§ Task instructions: Give the records below again exactly, and exclude each picture.
Entries provided START
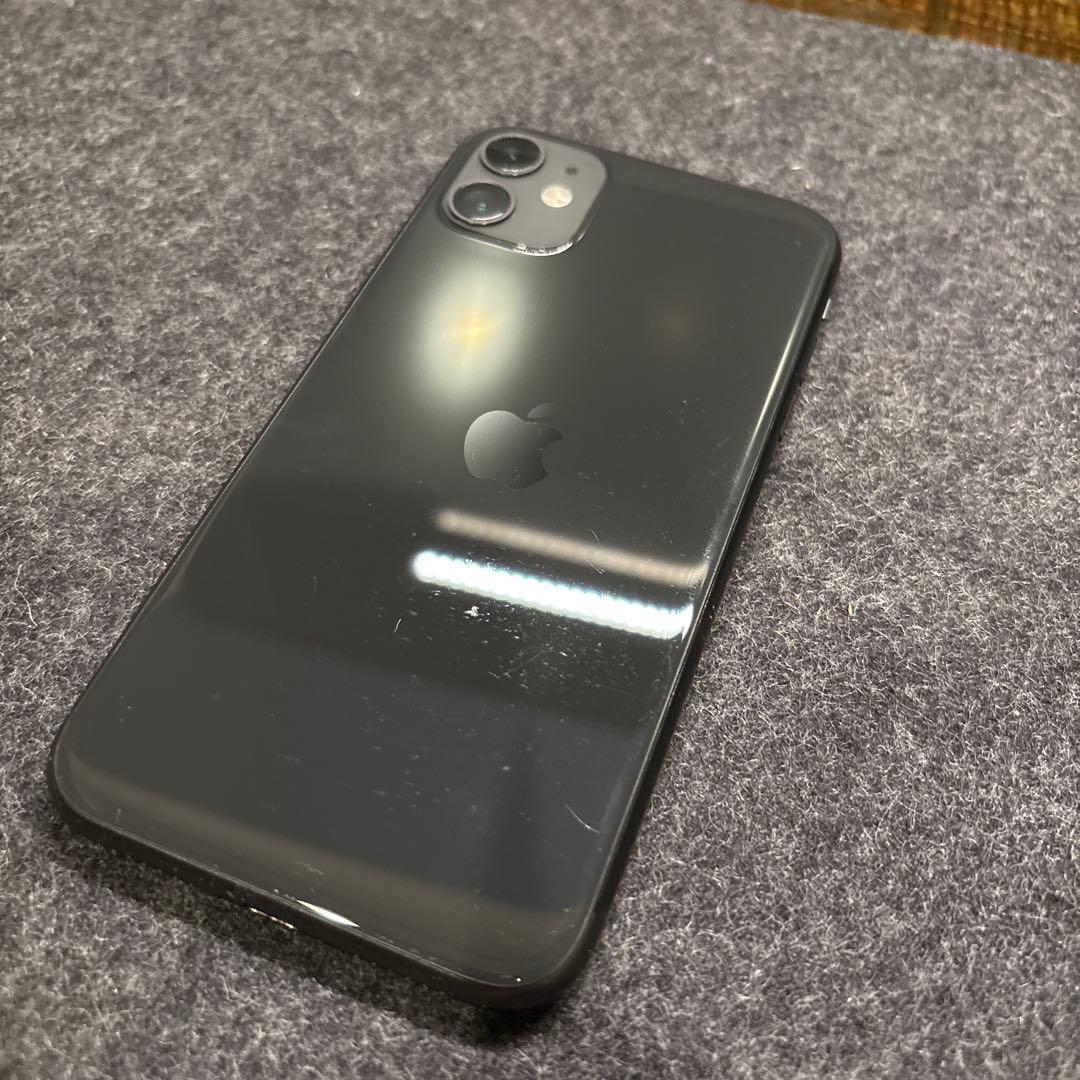 か*ん様 Apple iPhone 11 ブラック 本体　64g 箱無し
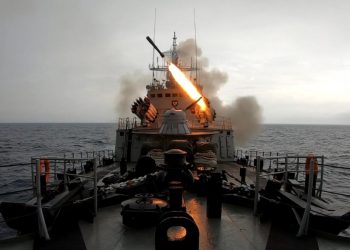 Meriam diluncurkan dari KRI Hasan Basri-382 di Laut Jawa. Api berkobar lalu disusul suara ledakan.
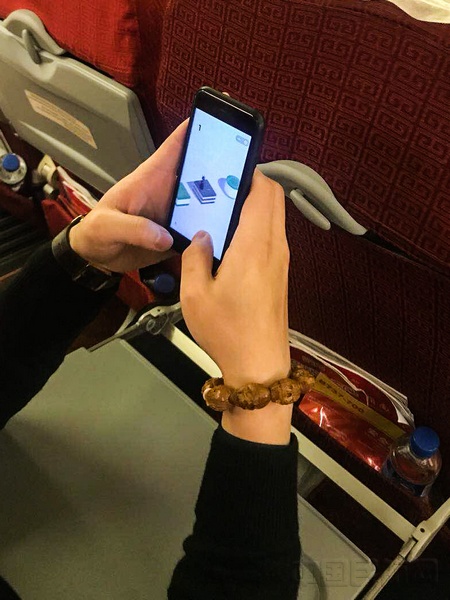 与祥鹏航空共度开启手机的1.5个小时飞行之旅5.jpg 与祥鹏航空共度开启手机的1.5个小时飞行之旅5.jpg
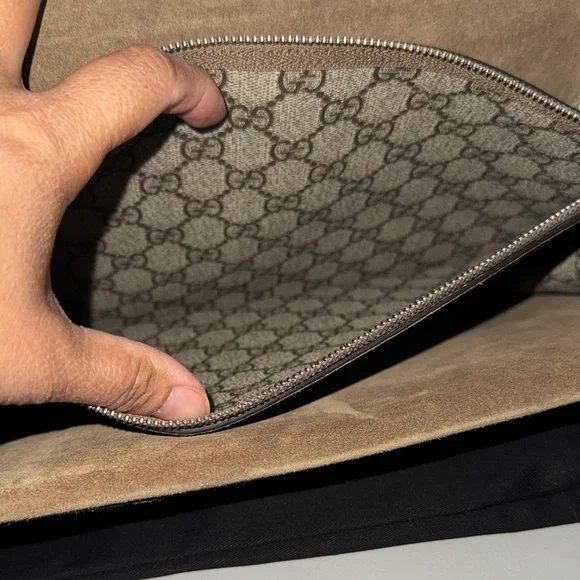 Gucci Beige GG Supreme Shoulder Bag with Pink and Green Glitter Accents - Picture 7 of 12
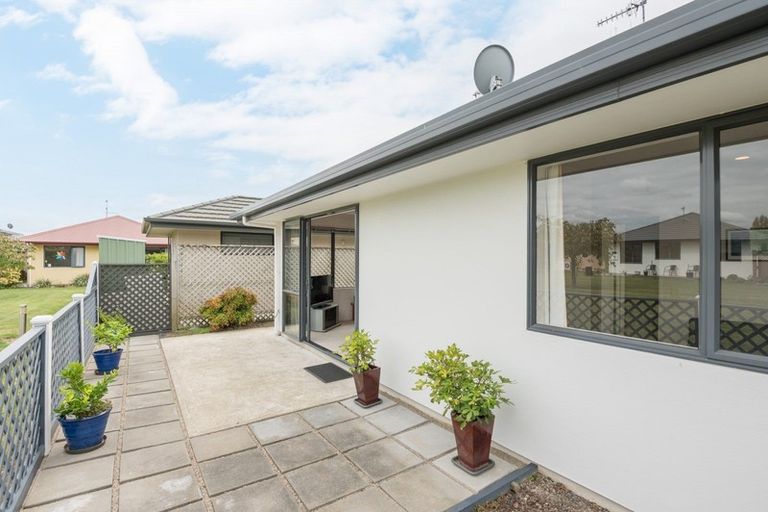 Photo of property in 8 The Drive, Richmond, 7020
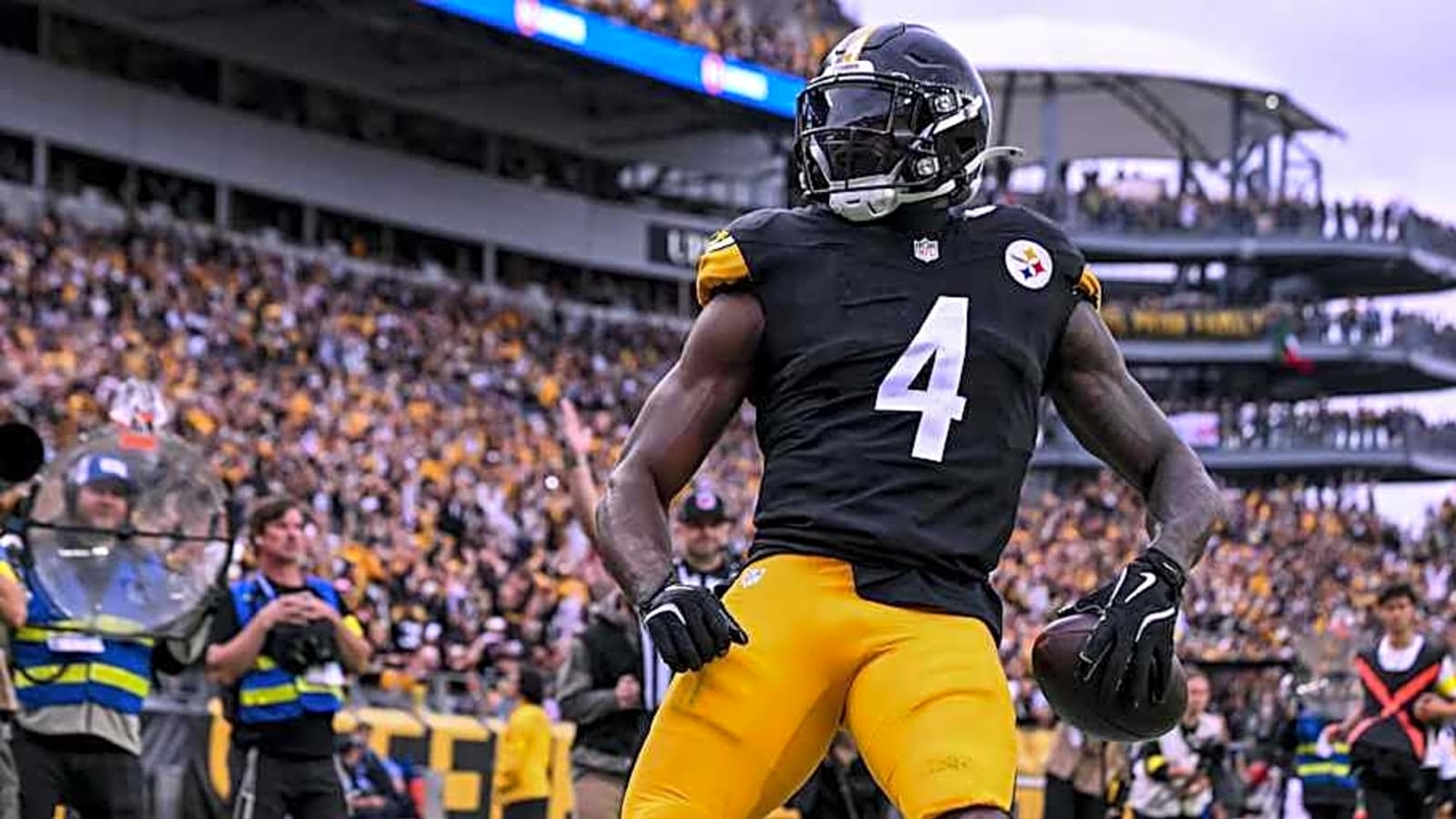 Steelers Have Something Special in Aaron Rodgers, DK Metcalf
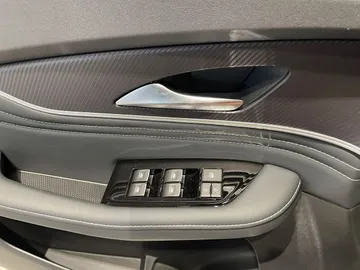 Car image 38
Entries provided END
§ Written response:
 か*ん様 Apple iPhone 11 ブラック 本体　64g 箱無し
 Meriam diluncurkan dari KRI Hasan Basri-382 di Laut Jawa. Api berkobar lalu disusul suara ledakan.
 与祥鹏航空共度开启手机的1.5个小时飞行之旅5.jpg 与祥鹏航空共度开启手机的1.5个小时飞行之旅5.jpg
 Gucci Beige GG Supreme Shoulder Bag with Pink and Green Glitter Accents - Picture 7 of 12
 Photo of property in 8 The Drive, Richmond, 7020
 Steelers Have Something Special in Aaron Rodgers, DK Metcalf
 Car image 38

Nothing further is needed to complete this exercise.